The test cases are generated such that the number of unique combinations that sum up to target is less than 150 combinations for the given input.
题目解析:
- 使用回溯
- 同一元素可以使用多次,所以为了避免重复需要先进行排序,而且下一次还是从同一位置i开始,而不是i+1
代码:
class Solution {
public List<List<Integer>> combinationSum(int[] candidates, int target) {
Arrays.sort(candidates);
List<List<Integer>> result = new ArrayList<>();
backtracking(candidates, target, 0, new ArrayList<>(), result);
return result;
}
public void backtracking(int[] candidates, int target, int start, List<Integer> comb, List<List<Integer>> result) {
if (target <= 0) {
if (target == 0) {
result.add(new ArrayList<>(comb));
}
return;
}
for (int i = start; i < candidates.length; i++) {
target -= candidates[i];
comb.add(candidates[i]);
backtracking(candidates, target, i, comb, result);
target += candidates[i];
comb.remove(comb.size() - 1);
}
}
}
40. Combination Sum II
Given a collection of candidate numbers (candidates) and a target number (target), find all unique combinations in candidates where the candidate numbers sum to target.
Each number in candidates may only be used once in the combination.

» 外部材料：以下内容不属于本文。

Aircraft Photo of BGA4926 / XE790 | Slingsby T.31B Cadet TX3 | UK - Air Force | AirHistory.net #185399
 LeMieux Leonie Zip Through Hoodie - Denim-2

Note: The solution set must not contain duplicate combinations.
题目解析:
- 因为candidates中可能存在重复的元素,为了保证结果中不存在重复的元素,需要:
- 先排序
- 在同一个combination中可以存在多个相同的元素(如果candidates中有多个该元素),但是在不同的combination中只能只用一次,所以:
if (i > startIndex && candidates[i] == candidates[i-1]) continue;
代码:
class Solution {
List<List<Integer>> result = new ArrayList<>();
public List<List<Integer>> combinationSum2(int[] candidates, int target) {
List<Integer> path = new ArrayList<>();
Arrays.sort(candidates);
backtracking(candidates, target, 0, path);
return result;
}
public void backtracking(int[] candidates, int target, int startIndex, List<Integer> path) {
if (target <= 0) {
if (target == 0) {
result.add(new ArrayList<>(path));
}
return;
}
for (int i = startIndex; i < candidates.length; i++) {
if (i > startIndex && candidates[i] == candidates[i-1]) continue;
path.add(candidates[i]);
backtracking(candidates, target - candidates[i], i + 1, path);
path.remove(path.size() - 1);
}
}
}
131. Palindrome Partitioning
Given a string s, partition s such that every substring of the partition is a palindrome. Return all possible palindrome partitioning of s.
题目解析:
- 回溯,需要判断当前字符串是否为回文串
代码:
class Solution {
public List<List<String>> partition(String s) {
List<List<String>> result = new ArrayList<>();
backtracking(s, 0, new ArrayList<>(), result);
return result;
}
public void backtracking(String s, int start, List<String> comb, List<List<String>> result) {
if (start >= s.length()) {
result.add(new ArrayList<>(comb));
return;
}
for (int i = start; i < s.length(); i++) {
if (isPalindrome(s, start, i)) {
comb.add(s.substring(start, i+1));
backtracking(s, i + 1, comb, result);
comb.remove(comb.size() - 1);
}
}
}
public boolean isPalindrome(String s, int start, int end) {
while (start < end) {
if (s.charAt(start) != s.charAt(end)) {
return false;
}
start++;
end--;
}
return true;
}
}
总结
1。组合问题需要考虑去重